Matterhorn is a great novel. There have been some very good novels about the Vietnam War, but this is the first great one, and I doubt it will ever be surpassed. Karl Marlantes overlooks no part of the experience, large or small, from a terrified soldier pondering the nature of good and evil, to the feel and smell of wet earth against scorched skin as a man tries to press himself into the ground to escape withering fire. Here is story-telling so authentic, so moving and so intense, so relentlessly dramatic, that there were times I wasn’t sure I could stand to turn the page. As with the best fiction, I was sad to reach the end.
The wrenching combat in Matterhorn is ultimately pointless; the marines know they are fighting a losing battle in the long run. Bravo Company carves out a fortress on the top of the hill so named, one of countless low, jungle-coated mountains near the border of Laos, only to be ordered to abandon it when they are done. After the enemy claims the hill’s deep bunkers and carefully constructed fields of fire, the company is ordered to take it back, to assault their own fortifications. They do so with devastating consequences, only to be ordered in the end to abandon Matterhorn once again.
Against this backdrop of murderous futility, Marlantes’ memorable collection of marines is pushed to its limits and beyond. As the deaths and casualties mount, the men display bravery and cowardice, ferocity and timidity, conviction and doubt, hatred and love, intelligence and stupidity. Often these opposites are contained in the same person, especially in the book’s compelling main character, Second Lt. Waino Mellas. As Mellas and his men struggle to overcome impossible barriers of landscape, they struggle to overcome similarly impossible barriers between each other, barriers of race and class and rank. Survival forces them to cling to each other and trust each other and ultimately love each other. There has never been a more realistic portrait or eloquent tribute to the nobility of men under fire, and never a more damning portrait of a war that ground them cruelly underfoot for no good reason.
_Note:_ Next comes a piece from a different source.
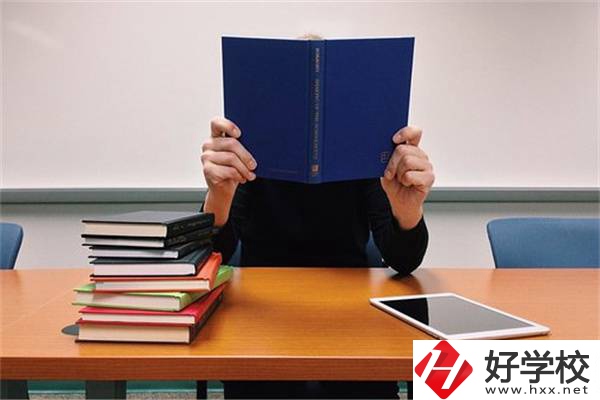 湖南初中畢業(yè)成績非常差選什么學(xué)校好？還有前途嗎？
Marlantes brilliantly captures the way combat morphs into clean abstraction as fateful decisions move up the chain of command, further and further away from the actual killing and dying. But he is too good a novelist to paint easy villains. His commanders make brave decisions and stupid ones. High and low there is the same mix of cowardice and bravery, ambition and selflessness, ineptitude and competence.
There are passages in this book that are as good as anything I have ever read. This one comes late in the story, when the main character, Mellas, has endured much, has killed and also confronted the immediate likelihood of his own death, and has digested the absurdity of his mission: "He asked for nothing now, nor did he wonder if he had been good or bad. Such concepts were all part of the joke he’d just discovered. He cursed God directly for the savage joke that had been played on him. And in that cursing Mellas for the first time really talked with his God. Then he cried, tears and snot mixing together as they streamed down his face, but his cries were the rage and hurt of a newborn child, at last, however roughly, being taken from the womb."
Vladimir Nabokov once said that the greatest books are those you read not just with your heart or your mind, but with your spine. This is one for the spine. --Mark Bowden
Mark stopped by to tell us that he hadn't forgotten us. He'll probably be over tomorrow or the next day to get started on the broken step.